Calciomercato e TPO: caso Calleri, fatta la legge, trovato l’inganno

Il nome di Jonathan Calleri è uno dei più gettonati dell’attuale finestra di mercato, durante la quale i club tentano di correggere gli errori commessi in estate, cedendo i giocatori in esubero e, nel contempo, tentando di acquistare quelli che potrebbero garantire il salto di qualità alla squadra.

L’intrigo di mercato che coinvolge il talentuoso attaccante argentino non è tuttavia di interesse solo tecnico-sportivo, ma anche giuridico, poiché mette in luce un fenomeno piuttosto diffuso nel mondo del calcio, ovverosia la presenza dei fondi di investimento, altrimenti detti Third Party Ownership, che investono sui cartellini dei giocatori, speculando sul valore che questi ultimi raggiungeranno in futuro.

La FIFA ha da tempo dichiarato guerra a questo tipo di operazioni, arrivando a bandirle attraverso un provvedimento del dicembre 2014 – una circolare entrata in vigore il 1° maggio 2015 – che, nello specifico, ha disposto il divieto di operazioni aventi ad oggetto la negoziazione delle TPO.
Nel caso di specie, il proprietario del cartellino di Calleri risulta essere un fondo di investimento, lo Stellar Group, non nuovo a operazioni di questo genere.
Il problema è che le squadre interessate al giocatore – fra cui sembra esserci l’FC Internazionale – si troverebbero, stando così le cose, a dover gestire un’operazione che la FIFA considera irregolare.
A questo proposito, si ricordi il caso dell’FC Seraing, squadra belga di seconda divisione, punita per aver violato le regole sulle TPO con il blocco del mercato e una multa di 150mila franchi svizzeri, pari a circa 136mila euro.
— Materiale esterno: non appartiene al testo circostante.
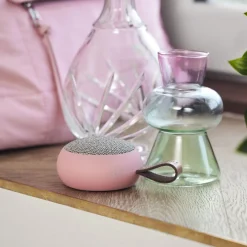 Kreafunk aGO 2 Fabric Bluetooth højtaler><noscript><img width=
La ratio giuridica della circolare risiede nella necessità di tutelare i giovani calciatori e, di conseguenza la regolarità dei trasferimenti, dalle attenzioni degli speculatori, che tuttavia in questo modo non vengono messi al bando, ma incoraggiati a eludere la normativa, trovando delle scappatoie in piena legalità.
La più utilizzata è quella di far transitare il giocatore tra le fila di un club compiacente, destinatario di un prestito oneroso, in attesa dell’arrivo di una società disposta a riscattarlo a un prezzo pari a quello di vendita dal club originario.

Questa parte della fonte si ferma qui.